U.S. should push the Quad to help Sri Lanka

Sri Lanka is currently midst of the worst economic crisis the island has seen since independence.

After food inflation reached over 30% in March, food shortages have become common, power cuts last up to 13 hours a day in some areas, and for the first time, Sri Lanka has defaulted on its international debt, forcing the government to approach the International Monetary Fund for assistance.

Anger over the deteriorating economic situation has pushed many Sri Lankans onto the streets to demand the resignation of President Gotabaya Rajapaksa and the government led by his brother, Prime Minister Mahinda Rajapaksa.

While the IMF considers how best to support Sri Lanka, policymakers in Washington should urgently step forward with a financial package that will not only provide desperately needed aid for ordinary Sri Lankans but help the U.S. meet some of its long-term strategic objectives in the Indo-Pacific.

The economic crisis is directly linked to Sri Lanka’s external debt, which has become unsustainable for several reasons.

In November 2019, the government cut both income taxes and the value-added tax, which, according to the IMF, led to a loss of revenue exceeding 2% of gross domestic product. Then, in April 2021, the government implemented an ill-advised ban on nonorganic fertilizers, which led to a decline in tea production, Sri Lanka’s highest-earning export.
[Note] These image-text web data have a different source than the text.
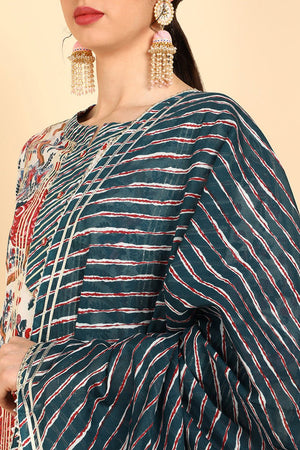 White Cotton Straight Kurta Pant With Dupatta Set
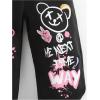 imageFloerns Girls Graphic Print Elastic Waist Sweatpants Casual Athletic Jogger Pants SweatpantsBlack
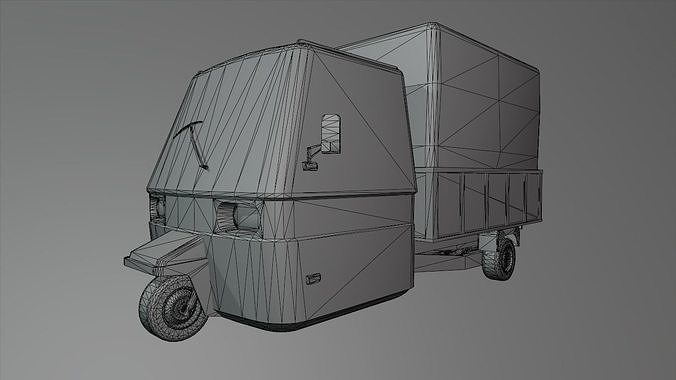 Abandoned tuktuk-inspired car Low-poly 3D model 6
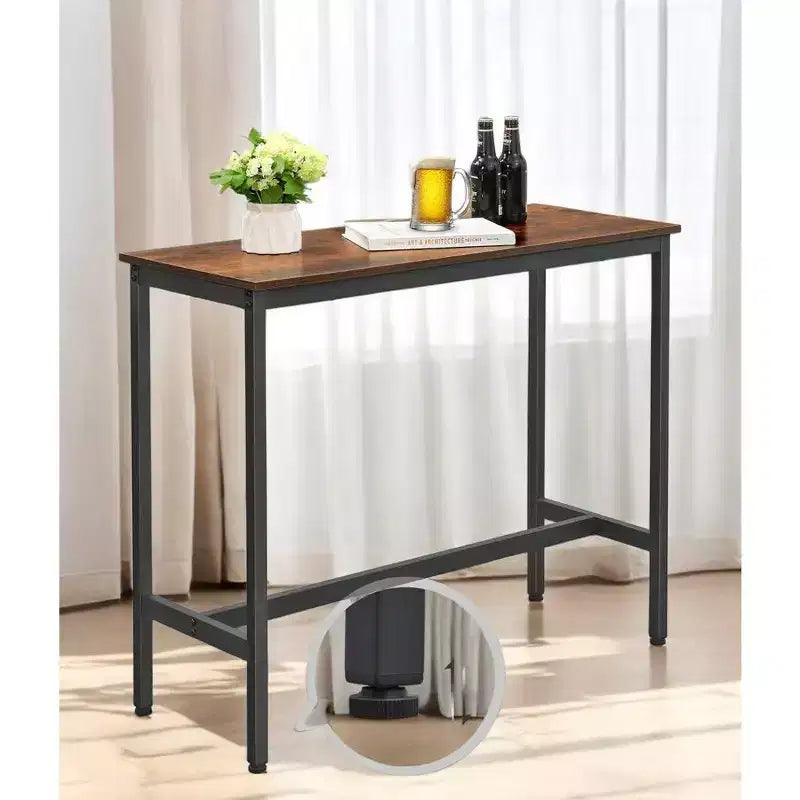 Bar Table, Narrow Long Bar Table, Kitchen Dining Table, Sturdy Metal Frame, Industrial Design, Rustic Brown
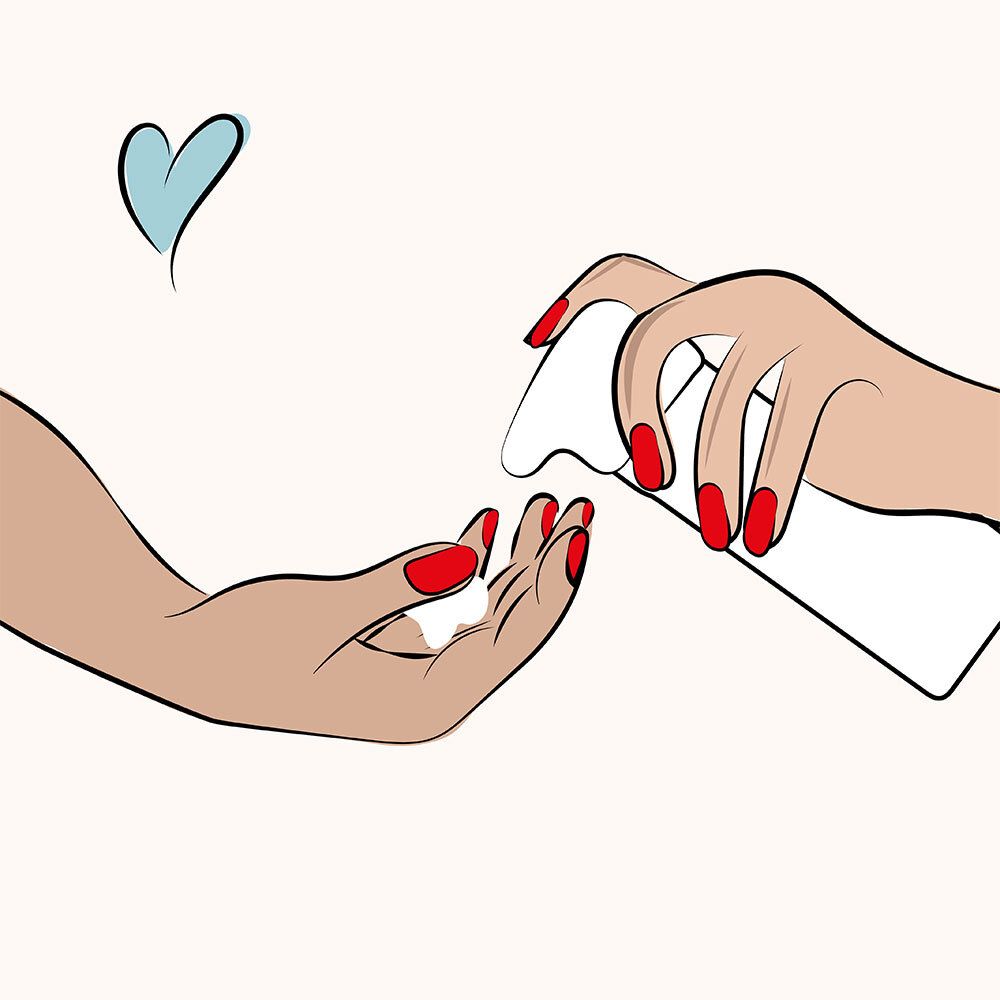 Illustration : mains avec vernis à ongles rouge, l'une tient un flacon blanc, l'autre reçoit de la mousse. Coeur bleu.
Several other policy decisions alienated key partners, including China, India and Japan.

To be sure, the pandemic put further pressure on Sri Lanka’s finances. Tourism was beginning to recover after the April 2019 Easter terrorist attacks, and Sri Lanka was expecting at least $5 billion in foreign exchange earnings from tourism in 2020, but then the entire industry shut down from April to November that year and generated only $650 million in revenue last year.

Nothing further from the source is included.